# Hubby Got His PR visa - Thinking of Investing



## wisdomlight (Nov 19, 2016)

Hi. My husband finally got his PR visa. He is working/living in Toronto and now thinking of investing a small property (new home) for the family. Do you think it's worth investing in Canada if we're not really Canadians? We're originally from Ph but my husband seems to be decided to stay in Canada for good. Some of our friends are telling that it is quite expensive to live and invest in Toronto. What can you say about it? My husband is really eager to get a property and now looking for a financial assistance from different banks. And which bank do you think offers a fair or low interest rate? In case you can suggest a good one, will definitely appreciate. If not, no worries...will continue to ask some of our friends. Thank you!


----------



## mordko (Jan 23, 2016)

If you plan to live in Canada then it makes no difference if you are "really Canadian" or not. 

Decision on whether to buy a home or not depends on a lot of factors and you didn't really provide enough information. If it is mainly an investment decision then I would be cautious right now because the prices have rocketed and returns going forward are unlikely to be as good, particularly considering everything else that is going on.

For mortgages - don't go to the bank. Pick a mortgage broker. You need one anyway, given that you don't understand how the Canadian system works, but they will also ensure that you get a good deal. It's not just the main banks that offer mortgages.


----------



## OhGreatGuru (May 24, 2009)

wisdomlight said:


> .... BTW, I have question about transportation. Will it be necessary to get a car or transportation system is good enough? ....


We couldn't possibly say. It depends on lifestyle choices; where you live in relation to work; and other factors. GTA has the biggest public transit system in Canada, but none of our public transit systems can compare with those of most West European countries.

Where the heck is Ph anyway?


----------



## Spudd (Oct 11, 2011)

wisdomlight said:


> I just read about good auto purchase deals which I think will also be available in Toronto.

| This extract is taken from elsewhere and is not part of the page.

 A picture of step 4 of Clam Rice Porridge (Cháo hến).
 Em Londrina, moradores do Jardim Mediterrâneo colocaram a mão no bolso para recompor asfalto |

I strongly suspect this is mis-guided spam. If not, I strongly doubt you will be able to get a loan from a California credit union to buy a car in Toronto. LOL.


----------



## Mukhang pera (Feb 26, 2016)

OhGreatGuru said:


> Where the heck is Ph anyway?


My best guess would be the Philippines, a.k.a Phils., a.k.a. PI (Philippine Islands), a.k.a. RP (Republic of the Philippines).


----------